Apesar das reações negativas nas redes, o longa protagonizado por Abel Tesfaye entrega uma jornada visual e emocional que fecha com ousadia a trilogia musical do cantor
Hurry Up Tomorrow foi lançado logo após o novo álbum de estúdio de The Weeknd, servindo como uma extensão visual da obra musical. A produção, estrelada por Abel Tesfaye, Jenna Ortega e Barry Keoghan, ganhou os holofotes das redes sociais, mas não da maneira que se esperava. O título tem sido massacrado por críticas negativas e baixas avaliações, dividindo o público entre o desprezo e a confusão. Mas será que o filme é realmente tão desastroso assim, ou só foi visto com as lentes erradas?
Conflito emocional dividido em luz e sombras
A primeira cena já entrega a proposta do filme: uma introspecção artística disfarçada de narrativa. Ele encara o espelho, mas também encara quem está assistindo. É um reflexo direto da mente do artista, em crise, mergulhado em insônia e dúvidas. A direção aposta em um visual hipnótico, com contrastes fortes entre luz e sombra, e torna a experiência quase desconfortável, mas necessária para mergulhar no universo proposto.
O uso contínuo de tons vermelhos e azuis resulta em um ambiente sufocante, denso e ornamentado. A fotografia é, sem dúvida, um dos pontos altos do filme, traduzindo emoções como angústia, obsessão e perda por meio de esquemas de luz. Esta paleta aumenta a inquietação mental do personagem principal, proporcionando simultaneamente um espetáculo visual impressionante.

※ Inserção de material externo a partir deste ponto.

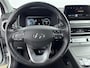 Hyundai Kona Electric EV Fashion 64 kWh | SOH 96% | Dodehoek detectie | Navigatie | Achteruitrij camera | Stoelverwarming | Head up display |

Entre o real e o imaginário
O filme brinca o tempo todo com a linha tênue entre ficção e realidade. Um dos pontos mais intensos é a quase recriação de um momento real: o colapso vocal de The Weeknd durante a turnê After Hours Til Dawn. A cena traduz o peso de um acontecimento na carreira do artista. Além disso, está alinhada ao roteiro, tornando o episódio em uma das peças fundamentais para o final.
Ao contrário do que muitos esperavam, Hurry Up Tomorrow não é um musical no formato tradicional, nem um álbum visual. As músicas aparecem como parte orgânica do ambiente: tocam no rádio, em caixas de som, ou surgem como trilha incidental. Dessa forma, não tira o foco da interpretação e entrega uma imersão mais sutil e sensorial no álbum. As canções não interrompem sempre a história, mas a sustentam por dentro.
Um espelho da crítica e do público
As falas de alguns personagens são provocações diretas à trajetória de Abel: “você não devia atuar, você é só bom em música”. Elas funcionam como metacríticas, reencenando o julgamento que o próprio cantor enfrentou ao tentar ampliar sua presença no audiovisual.
Em umas das cenas finais, o personagem é amarrado em uma cama, com os braços abertos como numa crucificação. O longa atinge um ponto simbólico: é o momento em que o artista é simultaneamente adorado e destruído. Uma metáfora visual sobre o peso da fama, a pressão da criação e o julgamento público, em uma explosão de caos e ironia.
Encerramento de um ciclo
“Hurry Up Tomorrow” encerra a trilogia iniciada com After Hours (2020) e continuada em Dawn FM (2022). O longa representa o fim não só de uma história, mas também de uma fase importante da carreira de The Weeknd. Carregado de referências aos álbuns anteriores, o filme reapresenta músicas conhecidas com novos significados e momentos de reflexão. Um exemplo é a icônica “Blinding Lights”. Em uma das cenas, o cantor aparece desorientado em uma balada, cercado por flashes giratórios e luzes estroboscópicas que dificultam sua visão. A trilha de fundo traz um trecho de “Until We’re Skin & Bones”, do novo álbum. Mais tarde, a música é mencionada e analisada por uma das personagens. A cena funciona como uma referência direta ao verso “I’m blinded by the lights“, agora com uma nova carga simbólica.
Filme que exige envolvimento
Talvez o maior erro tenha sido como o projeto foi divulgado. Vendido como um filme comercial, o público que não acompanha a trajetória artística e conceitual, pode acabar completamente perdido ou até entediado. A estrutura, o ritmo e os simbolismos não são de fácil digestão para quem espera uma narrativa tradicional. Porém, para os fãs ou para quem já mergulhou nos álbuns anteriores do cantor, Hurry Up Tomorrow se transforma em uma peça essencial de um quebra-cabeça maior.